Just like Jesus is the beloved, and he desires to share his relationship with the Father with us, so also is he the holy one. There is no holiness apart from him. We cannot do anything to make ourselves more holy, to earn God’s love. Jesus simply loves. He wants to personally heal us and share his holiness with us.
Again, those words: “I will come myself and heal him.”
Our role to is accept what he offers, to say yes like Mary, to open ourselves to him and allow him to love us, to heal us, to save us each moment of each day, to unite ourselves to his self-offering in the Mass regardless of the 70’s hymns and uninspired preaching, simply permitting him to work in us in whatever way he desires.
But us fragile creatures, afflicted by the effects of our human family’s rejection of God all of those millennia ago, still aren’t convinced that this is what we really want. This is not the God we expect. We want a God or a spiritual life that will boost us up, inflate our pride a bit, make us feel special or different from “the world,” whatever that is. We want proofs of God, miracles, and security. We want excitement and good feelings. We want success. Jesus Christ does not guarantee us any of these things.
The Cross is the highpoint of revelation. “Nothing in that revelation says that our experience of this intimate relationship with Christ, of this salvation, will be a serene or blissful experience. Jesus died on that cross in an ecstasy of love with his God and Father—but what do you think his experience was?”5
We are offered and promised the same ecstasy of love, but we are not promised any sort of beautiful experience of God. He just may allow us some brief and glorious experiences of him, he may allow us to see a miracle or to sometimes have strong feelings of his love for us. But these things, these experiences, these feelings, are not God himself. They are not why he came. We cannot turn these things into idols and desire them more than God himself.
The God who died for us does not promise anything other than the greatest imaginable gift: himself. Through joy, sorrow, rain, and shine—and our usual state of just feelingless living—the Christian has God within him.
A lot of religions share the same ethics of Christianity.
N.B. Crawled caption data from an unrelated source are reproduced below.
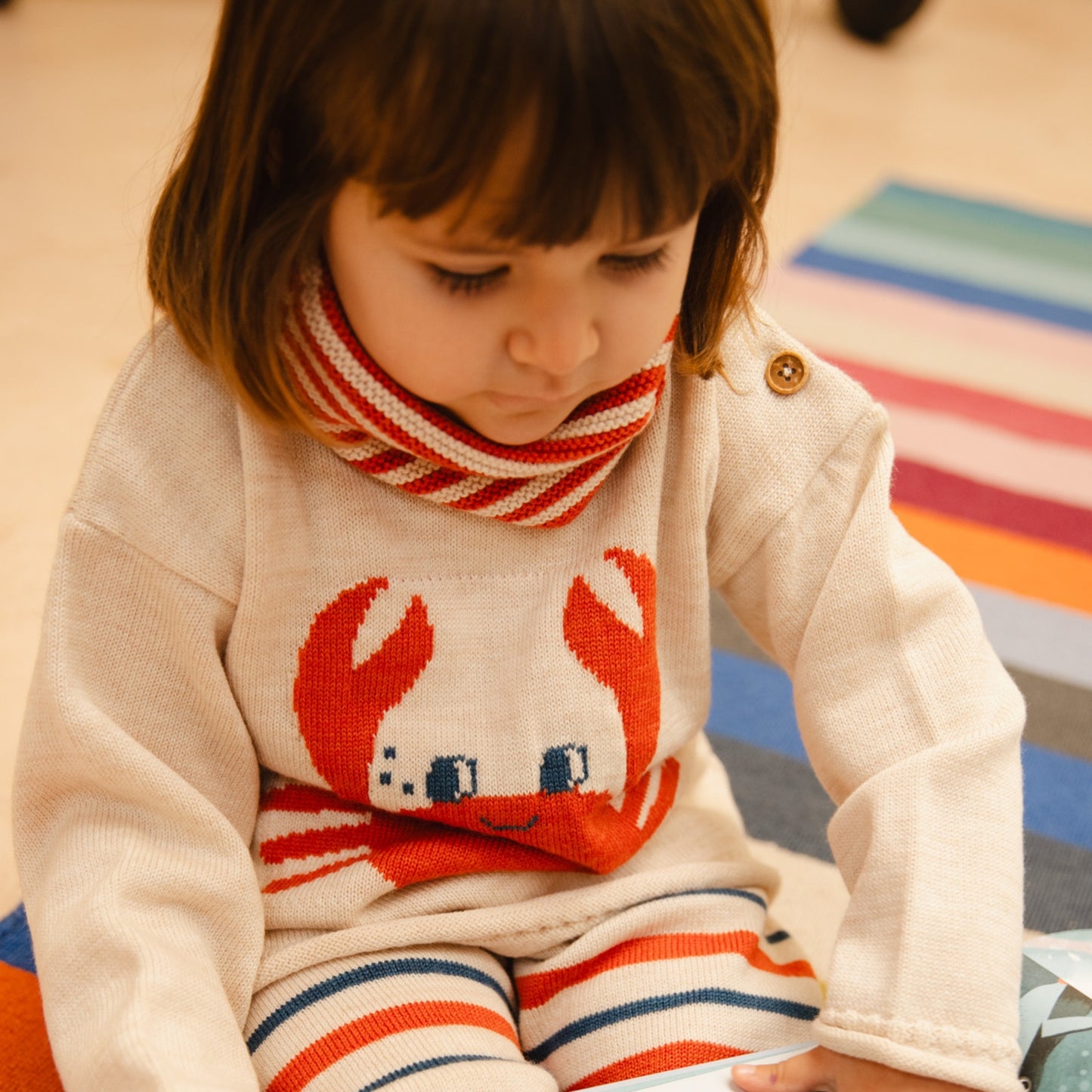 Bayiri 100%美麗諾羊毛圍脖 - 紅色條紋 (單一尺寸)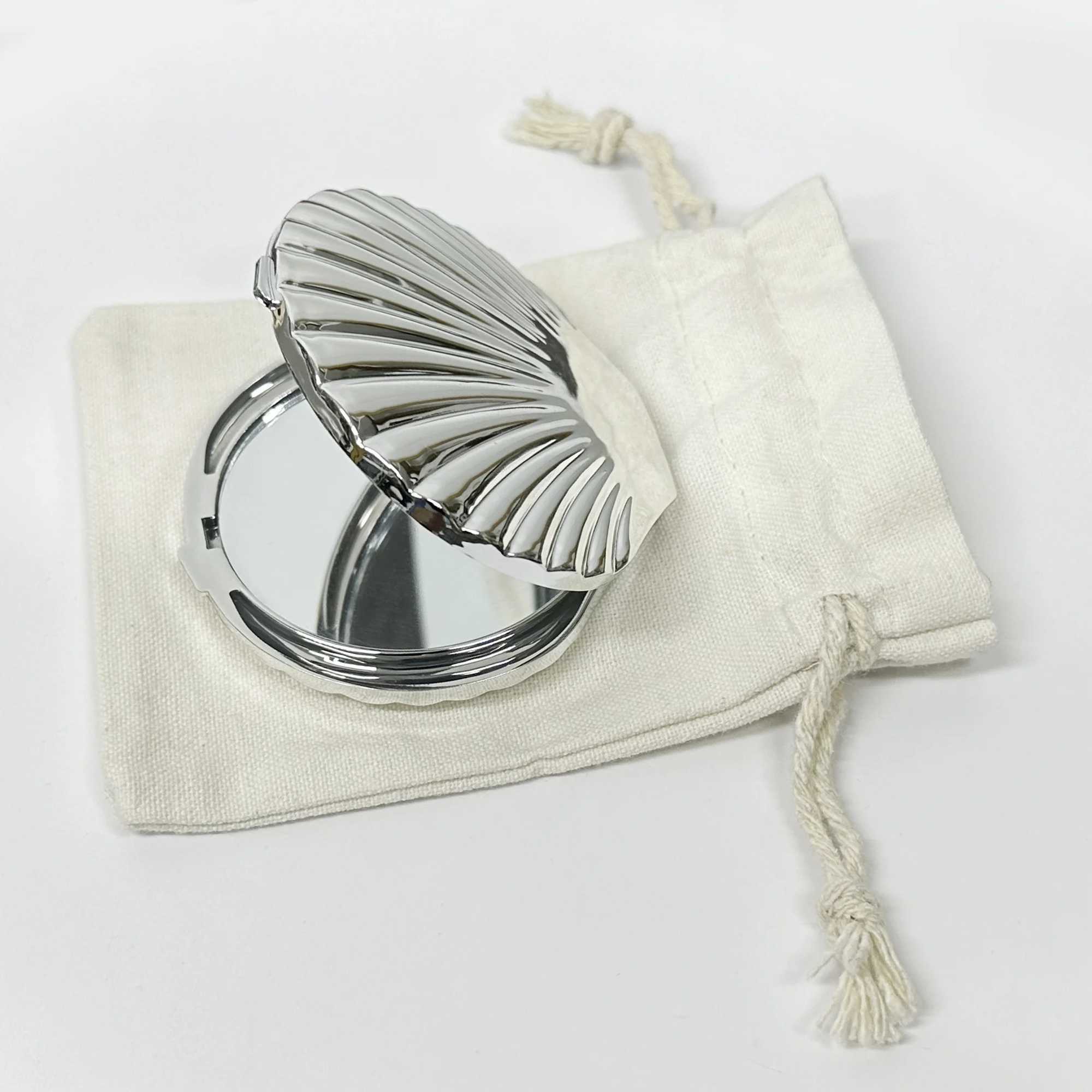 Shell Shape Folding Makeup Mirror Cute Double Sided Shell Pocket MirrorXJ241213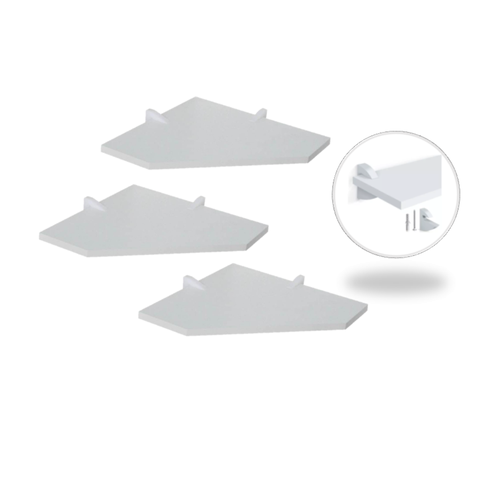 Kit 3 Prateleiras de Canto 30x30 Mdp Branca com Suportes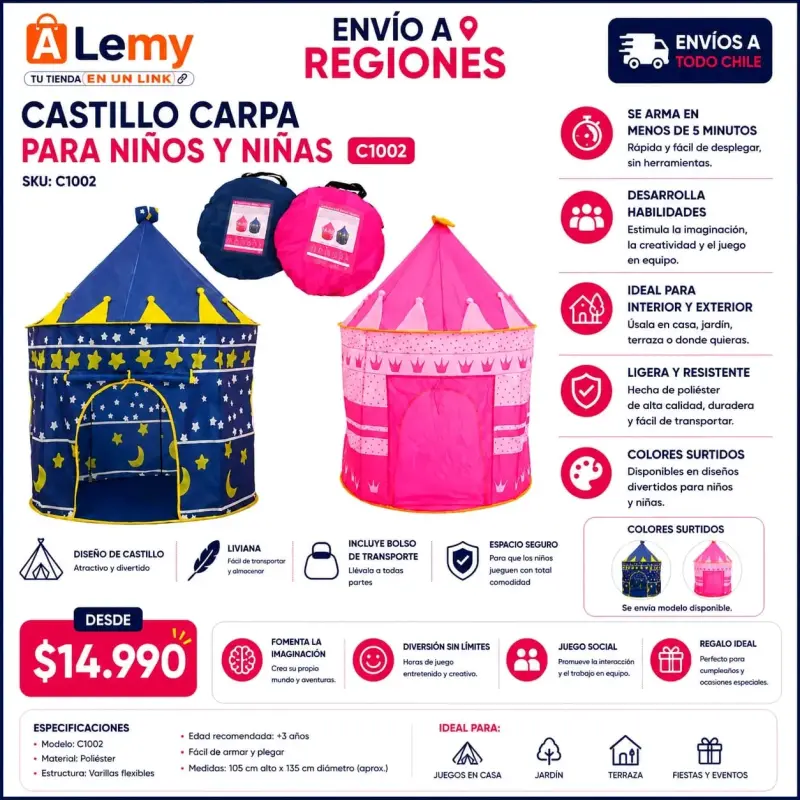 Carpa Castillo para Niños y Niñas C1002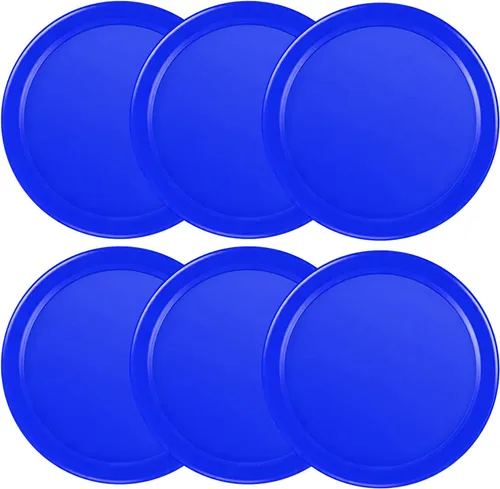 Coopay 3 1/4 Inches Air Hockey Pucks 6 Pack Full Size Heavy Replacement Pucks for Game Tables Equipment Accessories Azul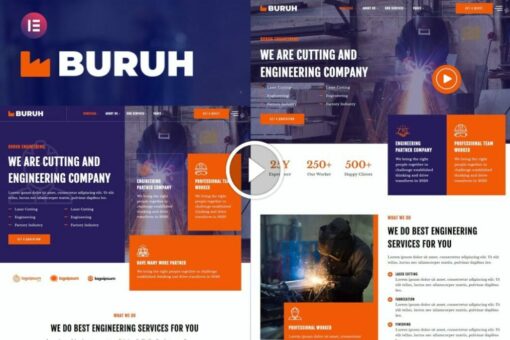 Buruh - Kit de plantilla Elementor de empresa de ingeniería y corte por láser 1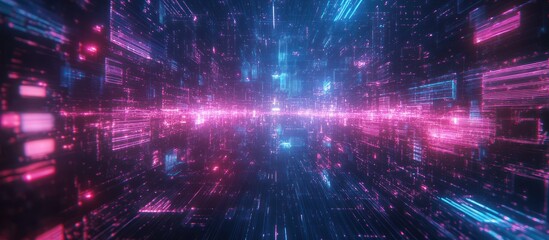 Obraz premium Digital data stream, futuristic tunnel, glowing pink blue, abstract background, tech concept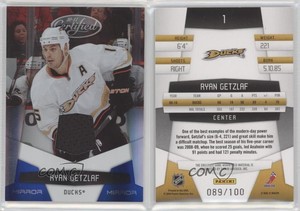 2010-11 Certified Mirror Blue Materials /100 Ryan Getzlaf #1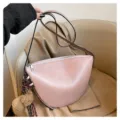 Women's pink saddle shoulder bag, minimalist crossbody handbag with cute bear charm for daily. - With Pendant / Pink
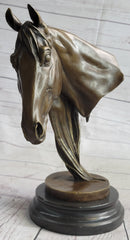 Horse Head Bust Equestrian Bronze Sculpture Statue Figure Decor on Marble Base Signed 13" x 9"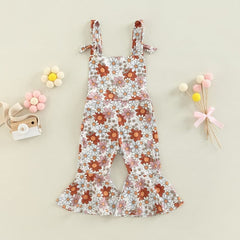 Flower Power - Baby Girl Jumpsuits Flare Bell Bottoms , Nude Multi.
But Christianity is unique in insisting that it is God who sanctifies us, that our own efforts don’t make us holy or save us. We try to offer Jesus our works, hoping that will get us a pass to Heaven. But Jesus does not thirst for these things. He thirsts for us. He says to us what he said to St. Faustina when she was so sure that she had already surrendered her life to him; he says, “You’re holding something back: your misery.”6 Like a true lover, he desires even the worst of us. He thirsts for everything.
St. Thomas Aquinas knew what mattered. He wrote more about our faith than anyone before or since, with a precision and clarity that is unmatched. And after completing a text about the Eucharist, he was found praying. Under sworn testimony, a brother in his religious order stated that he stood at the door of the chapel while Thomas prayed and heard a voice come from the crucifix that Thomas knelt before, saying, “You have written well of me, Thomas. I will give you anything you ask for. What is it you want?”
Thomas answered, “Only yourself, Lord.”
Can you imagine the joy this brought our Lord, who himself came to heal us? Can you imagine the fervor with which he poured himself into Thomas’ heart at that moment? Finally, here was a human heart which recognized its emptiness and was willing to accept the only real gift God had for him: himself.
His very self is the only thing God offers us. When we accept the gift of his love day after day, slowly surrendering more and more of our lives to him, then Jesus shares his own intimacy with the Father with us, today and in eternity.
That is the healing Christ offers us.